You might ask why I was even on Liz Taylor's yacht in the middle of a crazy storm. Ron had been working on The Voyage in Italy, and the Sicilian location shooting was finally over. During the shoot, Richard had fallen in lust with Sophia Loren, and now it was time for them to part. At the wrap party the night before, Richard was not willing to leave Sophia. He asked us to take the boat, with all his books and clothes, to Naples while he stayed behind to woo Sophia. Like so many men before him, he thought (wrongly) he could persuade her to leave Carlo Ponti, her older husband.
During a previous filming in Italy, Elizabeth and Richard had been Sophia's houseguests in Rome. Elizabeth had immediately sensed the animal attraction between her husband and the Italian temptress and had been extremely upset.
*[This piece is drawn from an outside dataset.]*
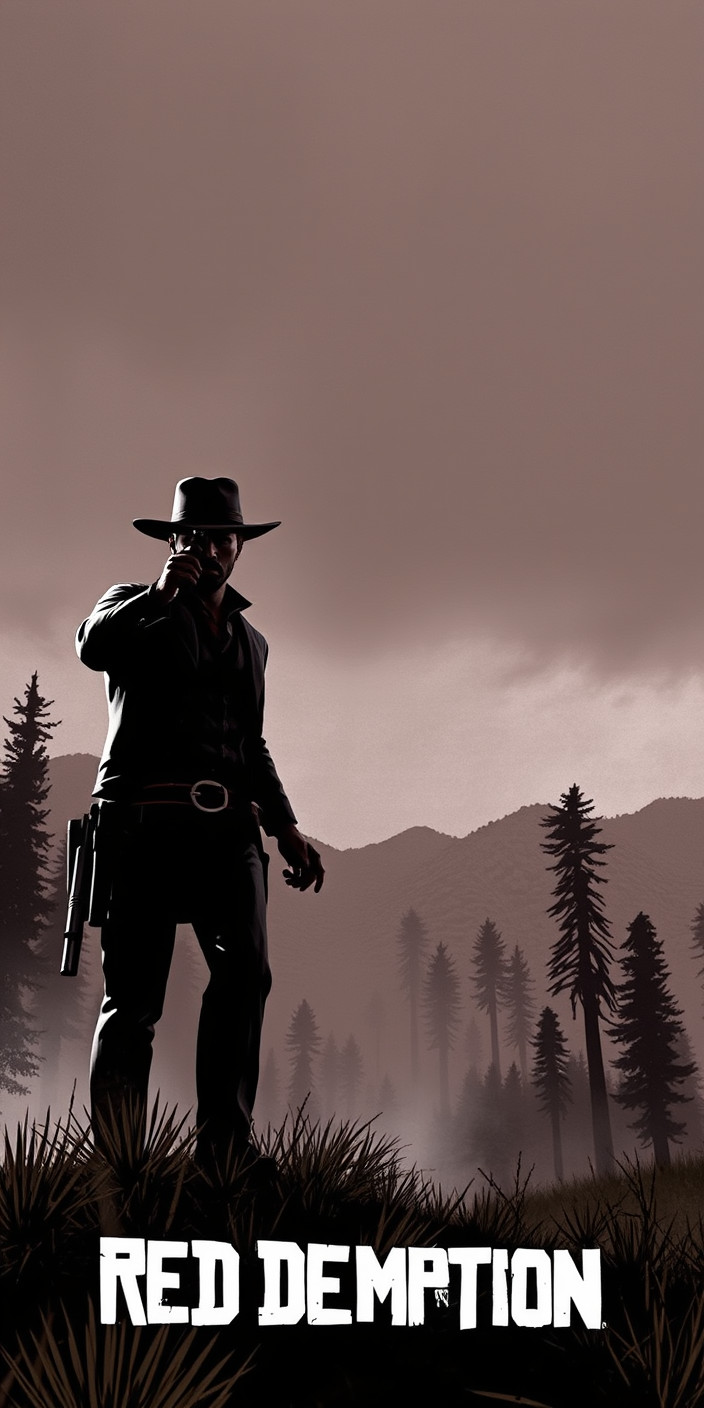 Red dead redemption 6 Phone Wallpaper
Now it was happening all over again, but this time Elizabeth was not going to stand for it. She bolted. And for the last time, it turned out.
At the wrap party, Sophia had cut Richard off abruptly and retired to her room before the festivities were over. Having drunk one (or more) too many and forgetting that at almost fifty he was too old to play Romeo, Richard had impulsively decided to climb the wall of the Villa Igiea. The antique castle, converted to a grand hotel, hung over cliffs jutting above Palermo harbor. Richard scaled the thick vines on the hotel's front wall, and in spite of his age, managed to make it to the third-floor balcony adjoining Sophia's room. He was about to go inside but peeked through the window and stopped himself.
Without making a sound, he spun around, climbed back over the balcony, and gingerly made his way down to ground level, with just a few minor scrapes and cuts. Later he tearfully told me that Sophia had been sharing her bed with another person…and not Carlo Ponti. Not elaborating, he said he had decided not to join Ron and me on the boat. He urged us to leave at once. A storm was coming and we had to cross before the typhoon got to Sicily.
Richard's plan was to join us in Naples with Sophia at his side. But he sounded more desperate than hopeful. I tried to console him by explaining that Sophia had an inglorious reputation as the "Goddess of Love." He was not the first man to fall under her spell. Every actor she worked with (most notably Cary Grant) was seduced and then discarded. She never left her husband.
The storm eventually stopped and we all survived. The Kalizma had been caught at sea in the same region as the spot referred to in The Odyssey: the Strait of Messina, Europe's most dangerous sea passage. Ulysses had almost come to grief there, tempted by the Sirens, sea demons. Unlike the mythical wanderer, Richard Burton did not return to the welcoming arms of his wife. He arrived in Naples dejected and alone, with no Sophia at his side.
And now, thirty-five years later, here I was at Bergdorf's, waiting on customers, lightly amused by their comments. All these years later, my dresses, lingerie, and perfumes were still selling. In fact, I named my men's perfume Ulysses and my women's perfume Sirene, in honor of that night aboard the Kalizma.
This book is the story of how I survived—and yes, even thrived—as a fashion and fragrance designer, and an occasional costume designer for Hollywood. It's about how I managed to keep my business going, no matter what and how many highs and lows occurred on my journey.
Back then, tossing on the Tyrrhenian Sea, I was weary but not ready to call it quits. Today I am the longest-surviving female designer in Paris. For more than forty years, I have experienced great glory moments being a "fashion favorite," then being dismissed as a "has-been," and finally being rediscovered as the designer everyone copied. I have had wild times followed by reflective times, which led to growth as an artist and as a human being.
Along the way, I learned much from the beautiful and alluring women (and a few men) I had the privilege to dress. Many are stars you will recognize by their first names only. Many were kind enough to share their secrets of seduction and power with me. I wrote this book to share their amazing stories, along with some fairly outrageous adventures of my own.